In Johnson’s last full year at the top of J.C. Penney, revenue dropped 21% to $12.99 million. Same-store sales cratered more than 25%. In the preceding four years, same-store sales were relatively flat.
Numbers in the first quarter of this year improved, but not enough for J.C. Penney to survive. Revenue was $2.64 billion, a drop 16.4% compared to the same quarter in 2012. Comparable-store sales decreased 16.6%.
J.C. Penney did pick up some financing, but based on the CIT news (true or not), it might not have been enough. Goldman Sachs Group Inc. (NYSE: GS) lined up a credit facility of $1.75 billion earlier this year.

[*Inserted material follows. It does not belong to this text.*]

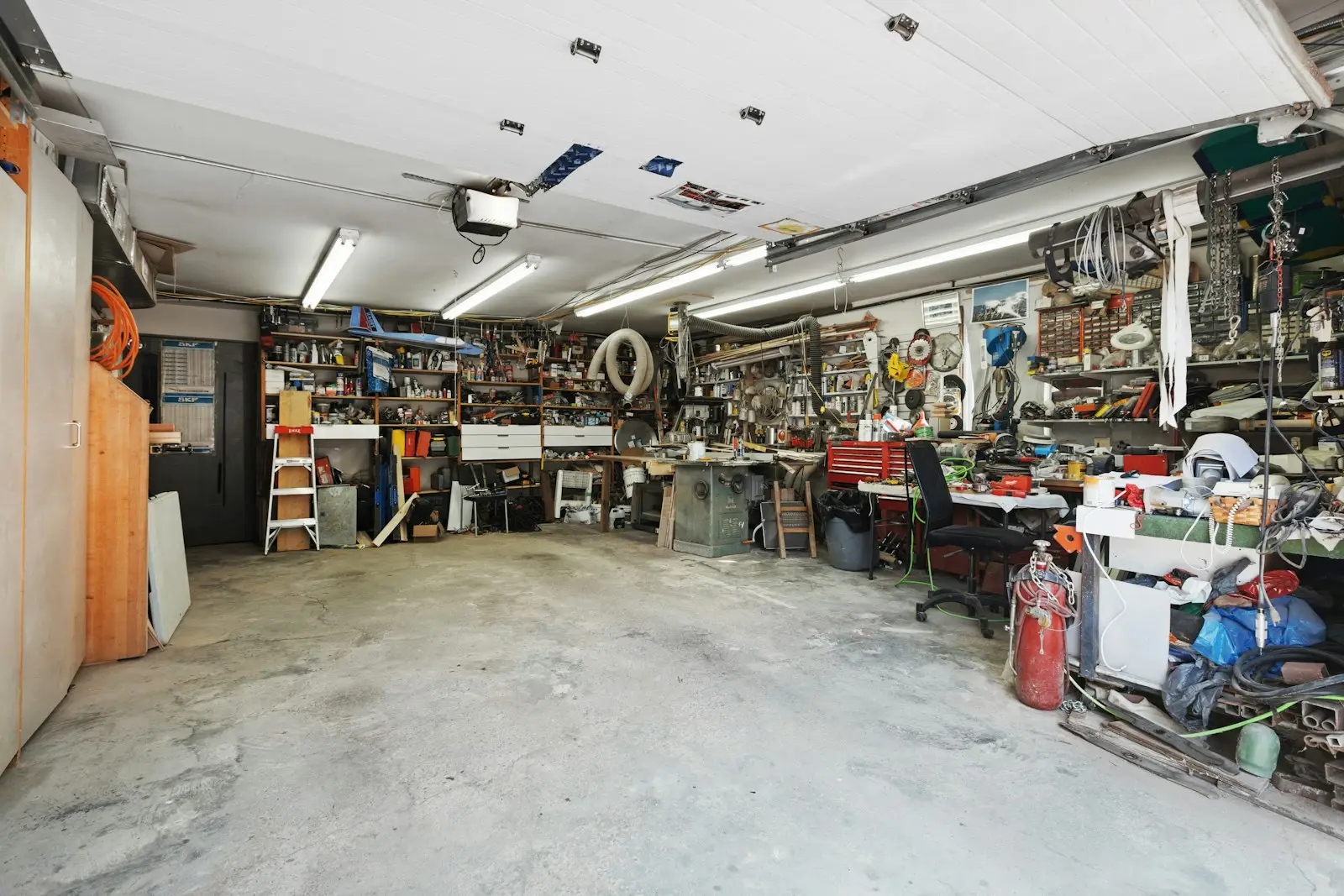 A garage filled with lots of clutter and tools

If J.C. Penney’s losses are running at the rate of last year, nearly a billion dollars per annum, experts looking at J.C. Penney books would conclude that the Goldman facility is not nearly enough.
J.C. Penney has not given investors sufficient data about same-store sales during the second quarter, and projections for the current quarter are too little for outsiders to realistically make a decision about its fate. Its shares did drop to $14.60 after hours on the CIT rumor, but they still are modestly above the 52-week low of $13.55. Perhaps not all investors have given up all hope.
J.C. Penney probably even lacks the money to close many of its nearly 1,000 stores. The expenses of severance and shuttering facilities could run into the tens of millions of dollars, if not higher. Loyal J.C. Penney customers in some locations would be without a store. The disruption to the company’s effort to reach out to consumers with the message that the old J.C. Penney has come back would be damaged beyond recovery.
J.C. Penney’s financiers must have looked at the one metric that really counts — same-store sales — and decided a hoped-for recovery is already dead.